DATASET SECTION:
--------------------------------
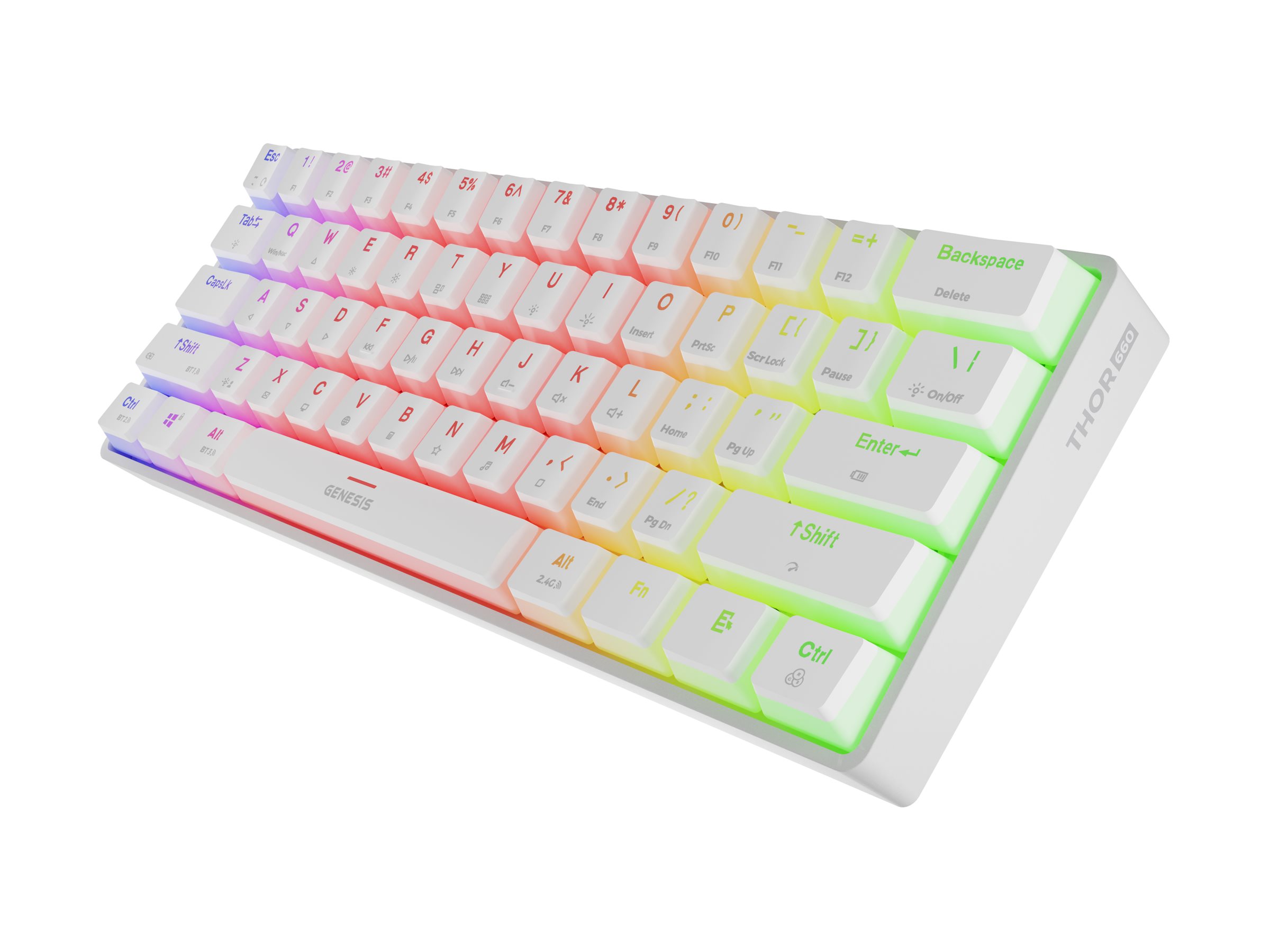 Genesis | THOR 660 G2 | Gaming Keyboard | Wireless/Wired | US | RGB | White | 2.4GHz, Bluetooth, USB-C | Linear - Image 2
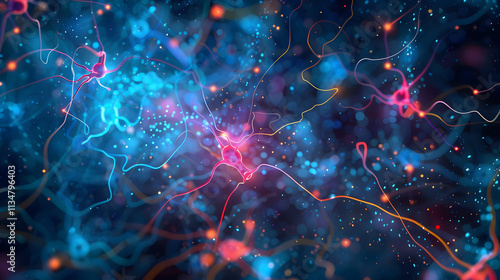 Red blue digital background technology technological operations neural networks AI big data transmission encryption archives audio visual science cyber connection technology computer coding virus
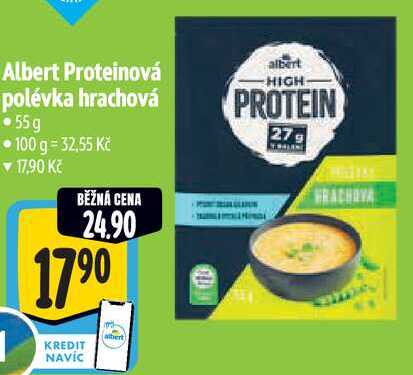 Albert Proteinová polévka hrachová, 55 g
--------------------------------
WHAT THE EXERCISE ASKS: Make an exact copy of the data, leaving its pictures out.

RESPONSE BELOW:
 Genesis | THOR 660 G2 | Gaming Keyboard | Wireless/Wired | US | RGB | White | 2.4GHz, Bluetooth, USB-C | Linear - Image 2
 Red blue digital background technology technological operations neural networks AI big data transmission encryption archives audio visual science cyber connection technology computer coding virus
 Albert Proteinová polévka hrachová, 55 g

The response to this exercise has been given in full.